Löfström was struck by how the Höga Kusten (High Coast) coastline is so distinctly marked by time. With a land rise of 8 mm per year, that which is now deeply submerged in water will be on land a few generations from now. This was the feature that the artist decided to accentuate.
Passage consists of a staircase with five steps under the water. As time passes, these steps will appear, one by one, until they are entirely above water. Each step is of a height that corresponds to one generation. Accordingly, my grandchildren’s step is two steps down, and if I were to carry on downwards, I would reach that which lies beyond my lifetime.
Just over a century ago, the French philosopher Henri Bergson described the future as an undercurrent of the surface of the present. As this current moves, the surface is rippled, and when the surface is broken, this affects the undercurrent. Bergson’s reasoning reminds us of the complexity of Löfström’s work of art. Standing at its top, we can guess what it will be like to walk down the steps. Mean while, expectations change with every step we take, especially if we are reminded that the future will also be the past.

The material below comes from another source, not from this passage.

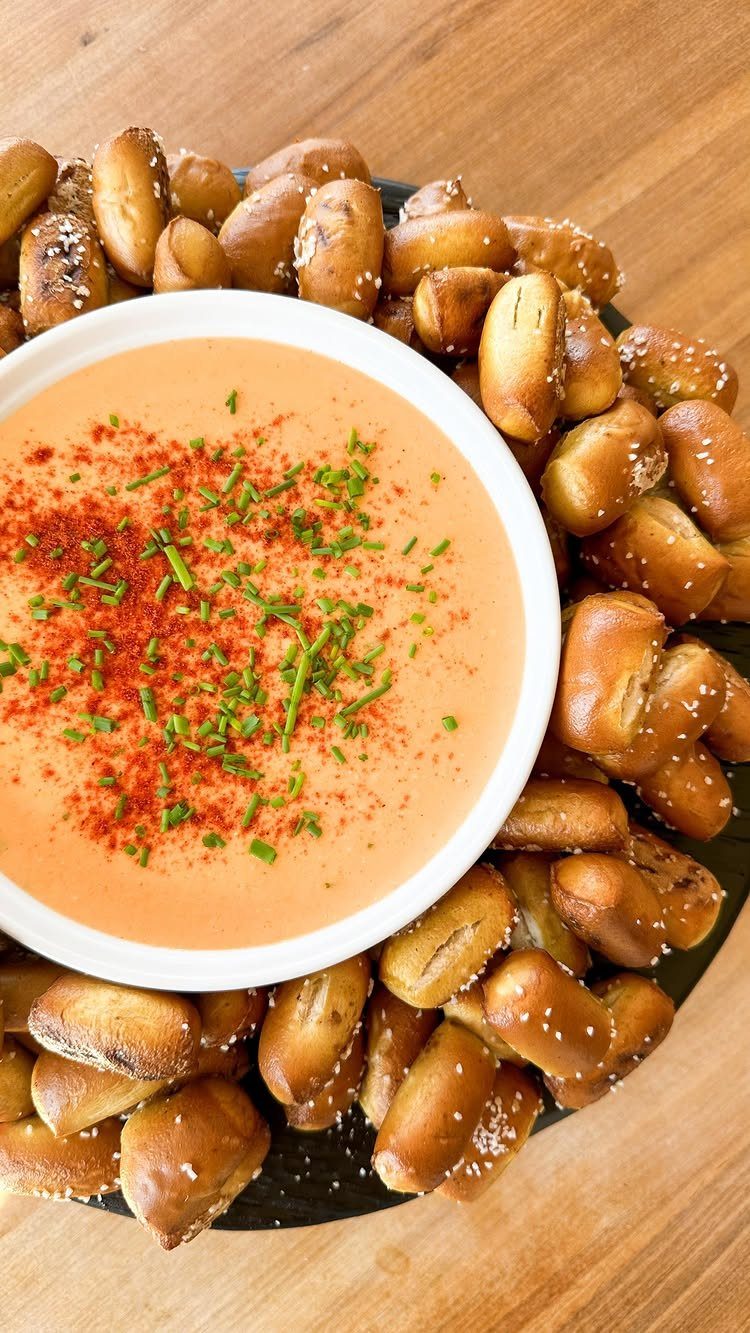 Orange creamy cheese dip with chives surrounded by salted pretzel bites on platter.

The steps we leave behind are already, albeit slowly, on their way out of the water.
This movement shows how the work balances our different senses against one another. The physical experience is set against the desire of the eye and mind to understand and interpret. As we look down the steps, we think of what it will feel like to tread on the steps of future generations. But when we actually step on them, we experience entirely different dimensions of time – a time that is tactile, warm or cold, wet and immediate.
Cut in granite, Passage is both manifest and poetic, a place – deep in the current of time.